The US government confirmed Tuesday that Yemeni authorities had put back in jail an Al-Qaeda operative who took part in the USS Cole bombing and urged them to make him serve his full 15-year sentence.

The United States suspended the signing of a 20.6 million dollar aid package for Yemen this week after reports that Jamal al-Badawi had been allowed to return to his home more than a year after fleeing jail.

A Yemeni police official said Badawi was back behind bars in Aden.

A US embassy representative visited the jail in Aden and "physically laid eyes" on Jamal al-Badawi, said US State Department spokesman Sean McCormack in Washington. "That was reassuring to us."

McCormack refused to confirm, however, if the Yemeni authorities had vowed to carry out the sentence.

"We have made very clear that it is our deep desire that he serves his full term behind bars," he said.

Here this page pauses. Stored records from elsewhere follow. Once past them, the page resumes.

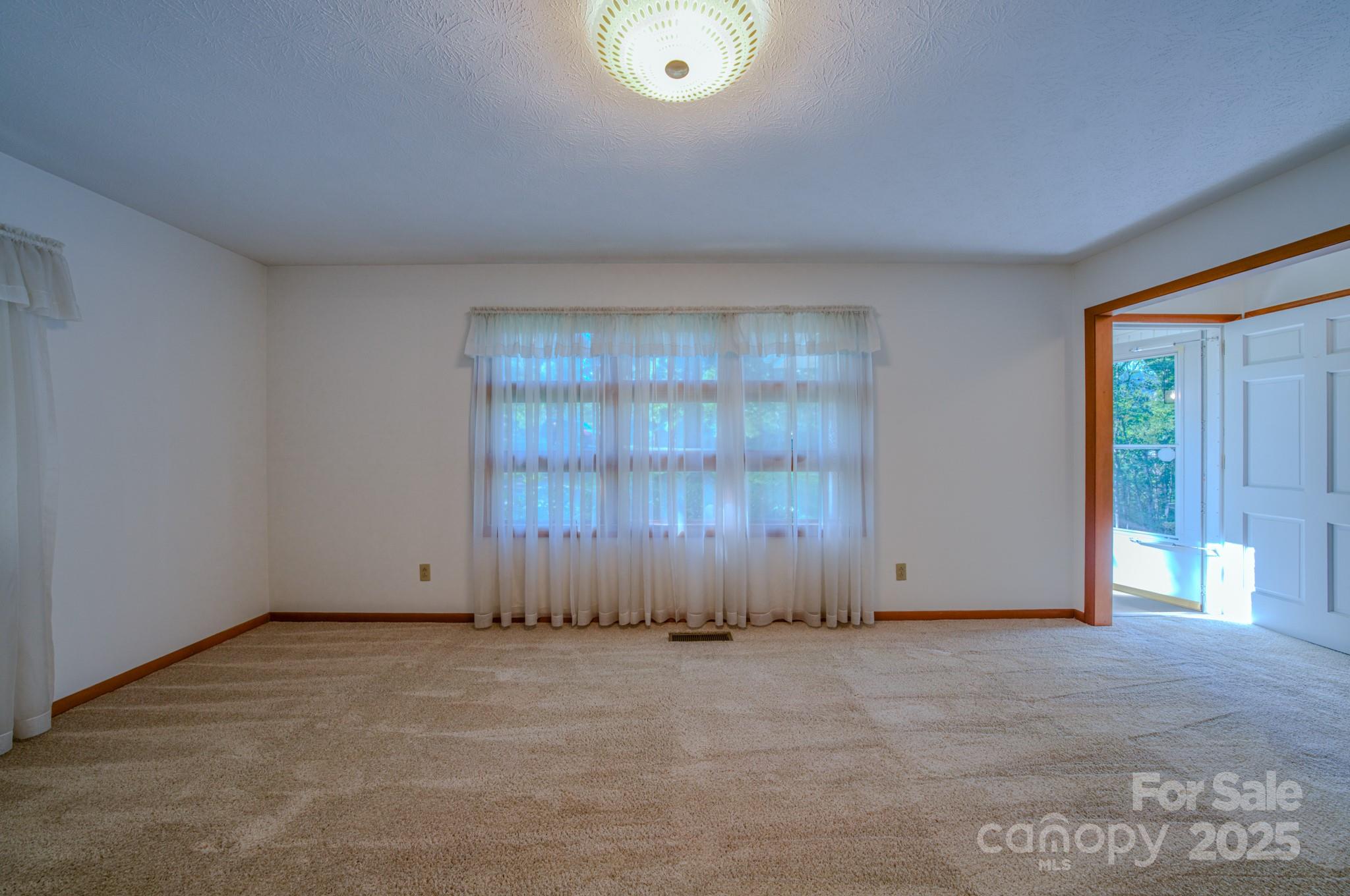 31 Jupiter Road Weaverville, NC 28787 - Photo 10 of 43 an empty room with wooden floor and windows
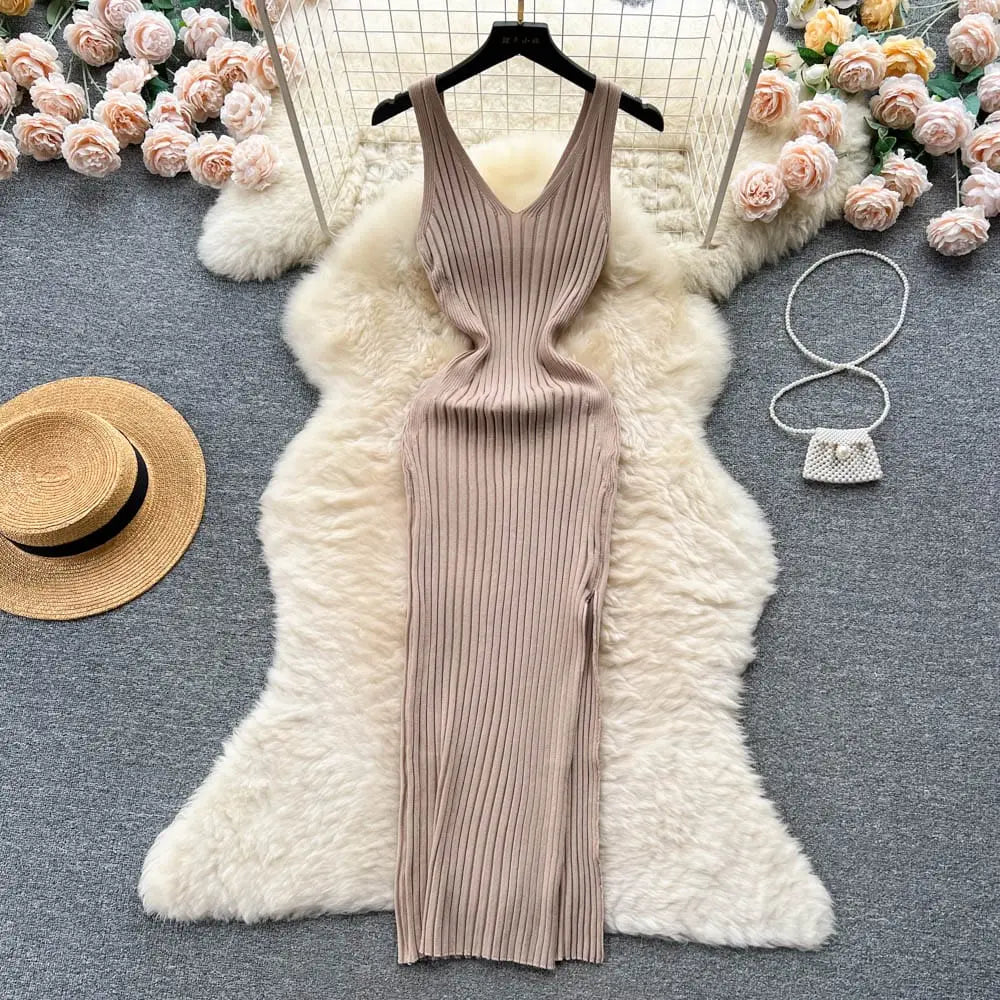 Showlu Fashion women's knitted bodycon summer dress with side split, fitted design, and sleeveless style for warm-weather wear.
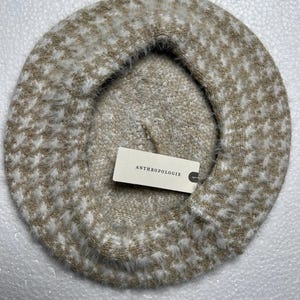 May include: A beige and white patterned beret with a soft, fuzzy texture. The beret has a houndstooth-like design and a tag that reads "ANTHROPOLOGIE". This stylish hat is perfect for adding a touch of sophistication to any outfit.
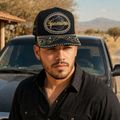 A man wearing a black trucker-style cap with gold embroidered details and the word 'Aguascalientes' on the front, photographed outdoors in front of a dark vehicle with a dry landscape background.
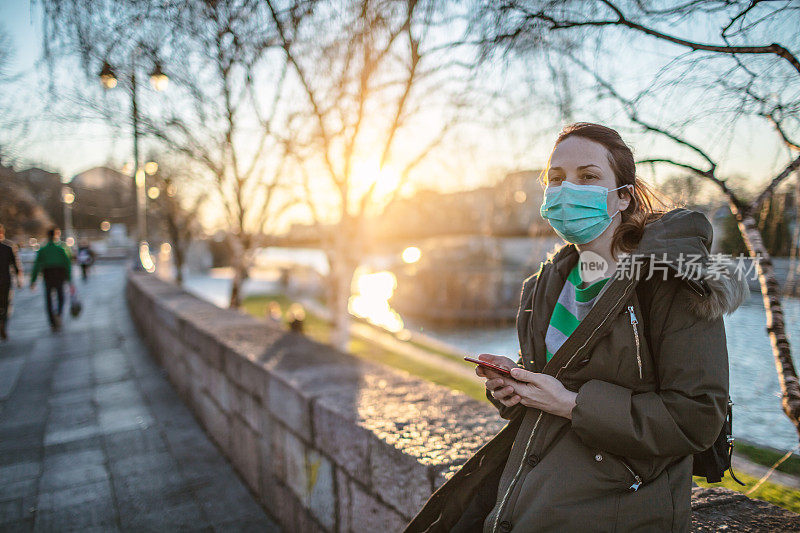 妇女使用手机和保护面膜在户外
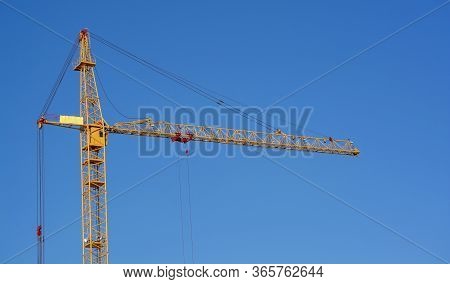 Crane. Construction Crane. Huge Crane Against Blue Sky. Self-erection Cranr. Tower Crane.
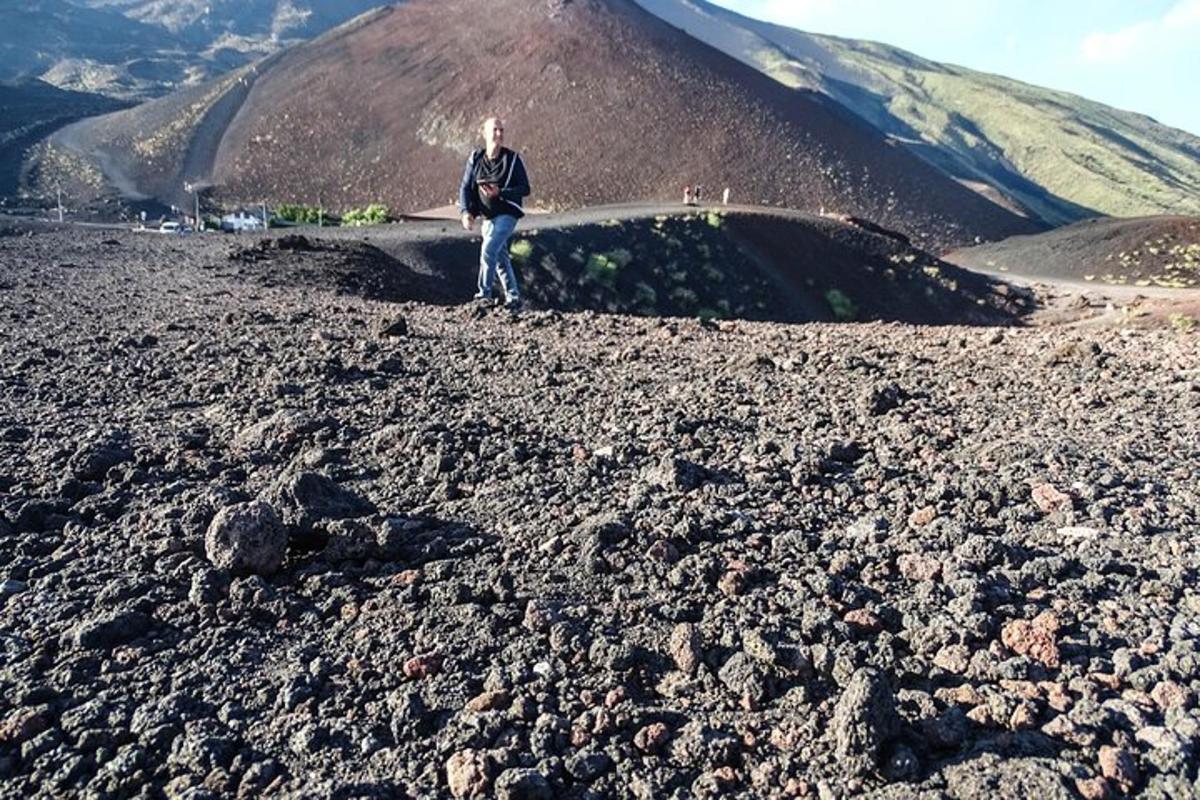 maður stendur á toppi grýtts fjalls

Badawi was sentenced to death in Yemen in September 2004 for his part in the US Navy destroyer's bombing, which was claimed by Al-Qaeda, but an appeals court later commuted the sentence to 15 years in jail.

He escaped from prison in the Yemeni capital in February 2006, along with 22 other Al-Qaeda militants.

But Badawi turned himself in earlier this month and, according to witnesses, was allowed to return to his home in Aden in return for a pledge not to engage in any violent or Al-Qaeda-related activity.

The United States had linked the aid package for Yemen to Badawi's imprisonment.

After the Cole bombing that killed 17 US sailors Badawi was featured on a US list of most-wanted terrorists with a five-million-dollar bounty on his head.